Right now, your teen is forming relationships that set the stage for future relationships. Given that 1 in 5 high schoolers experience dating violence, you’ll want to be sure you do your part to help your child understand what a healthy relationship feels and looks like. People define relationships in many different ways, but for a relationship to be healthy you need:
- Safe Communication
- Mutual Respect
According to Futures without Violence, the following are 10 Tips for Parents on talking about healthy relationships with teens:
- Encourage open, honest, and thoughtful reflection. Talk openly with teens, rather than dismissing ideas as “wrong”.
- Be sensitive and firm. Be willing to talk openly and respect differences of opinion.
- Understand teen development. Adolescence is all about experimentation. From mood swings to risk taking, “normal teenage behavior” can appear anything but normal.
- Teens face new and increasing pressures about sex, substance abuse and dating. Take the time to listen to them and help them think through the situations they face.
- Make sure teens know how you feel about disrespect, use of abusive or inappropriate language, controlling behavior, or any forms of violence.

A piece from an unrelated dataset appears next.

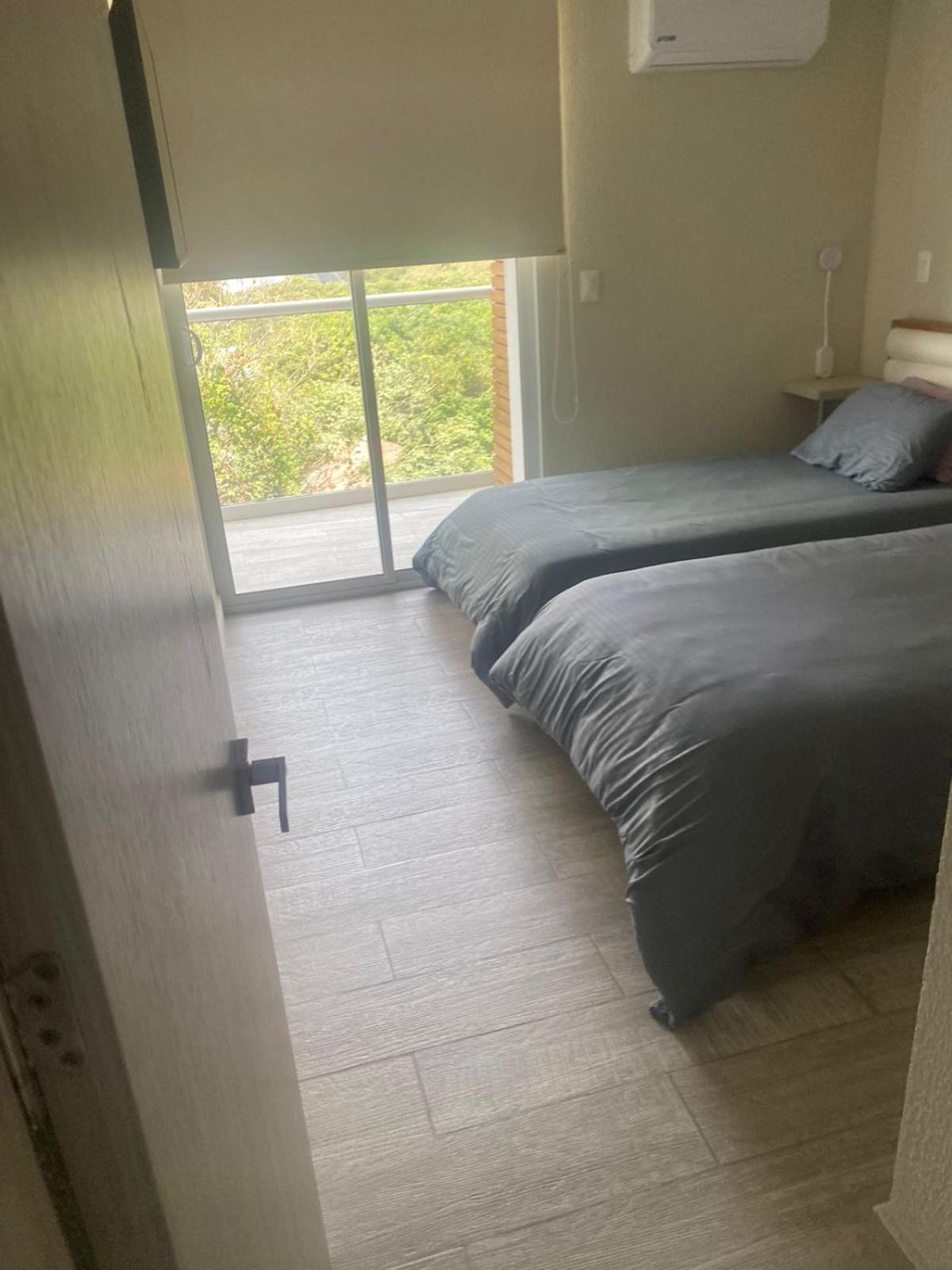Dominique Cartagena, Beautiful 2 Bedroom Apartment Luaran gambar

- Use TV episodes, movies, music lyrics, news, community events or the experiences of friends to discuss healthy and unhealthy relationships.
- Teach teens how to stand-up for friends when 0bserving unhealthy treatment of peers.

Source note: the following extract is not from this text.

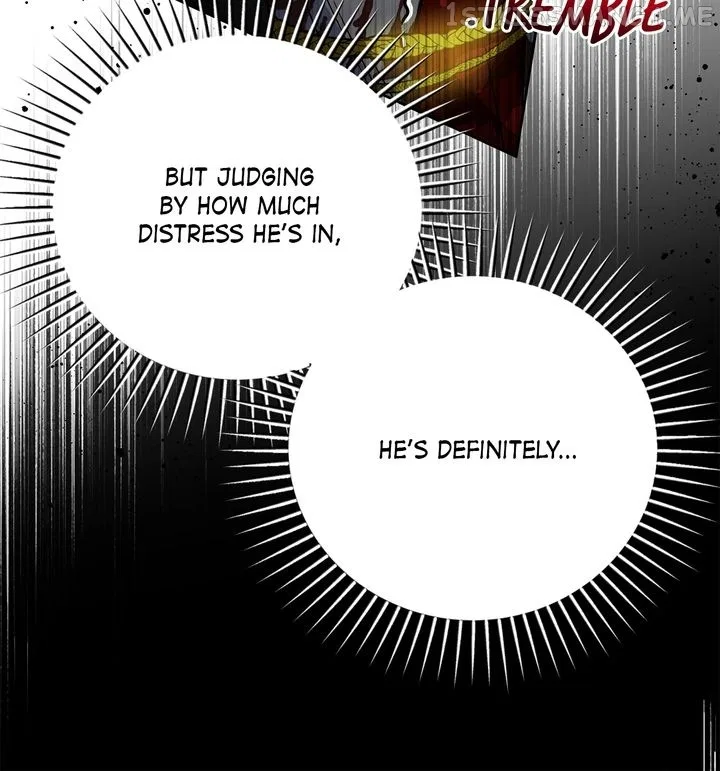 Theory of Paradise Chapter 26 – Page 9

- Have conversations that address and promote healthy relationships.
- Be an active participant in your young teen’s life.
- Be prepared that you and your teen will make mistakes, but continue to help teens make responsible choices.

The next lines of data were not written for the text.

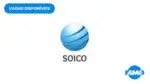 SOICO - Sociedade Independente de Comunicação
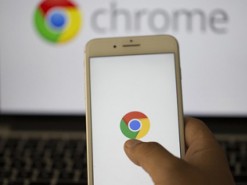 Google просит пользователей обновить браузер Chrome из-за найденной уязвимости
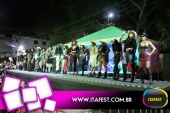 imagem 163. Evento:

The pressure to conform, negative peer and social influences, media images and messages, and acceptance of abuse and violence against identifiable groups impact how teens view others as well as their partners. All teens need accurate information and exposure to positive models to help them strengthen their relationship skills to assist in making safe responsible choices. As a parent, you are the most important resource and advisor for your child and are instrumental in helping your child develop these skills.